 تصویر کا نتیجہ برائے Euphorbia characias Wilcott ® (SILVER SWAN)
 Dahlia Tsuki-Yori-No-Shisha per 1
...
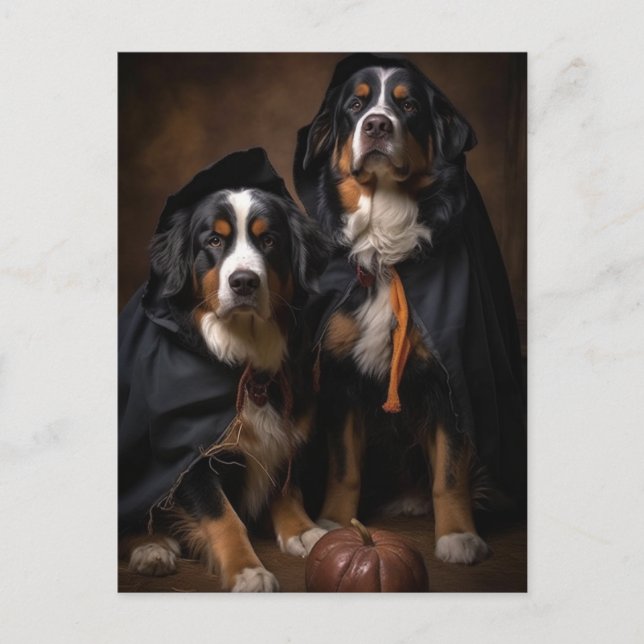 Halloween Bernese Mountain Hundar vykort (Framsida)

• _Work instructions_
Word for word, restate the lines of the data above that fall between the line holding "تصویر کا نتیجہ" and the line holding "Dahlia Tsuki-Yori-No-Shisha per 1", inclusive, and no other lines.

• _Exercise answer_
 تصویر کا نتیجہ برائے Euphorbia characias Wilcott ® (SILVER SWAN)
 Dahlia Tsuki-Yori-No-Shisha per 1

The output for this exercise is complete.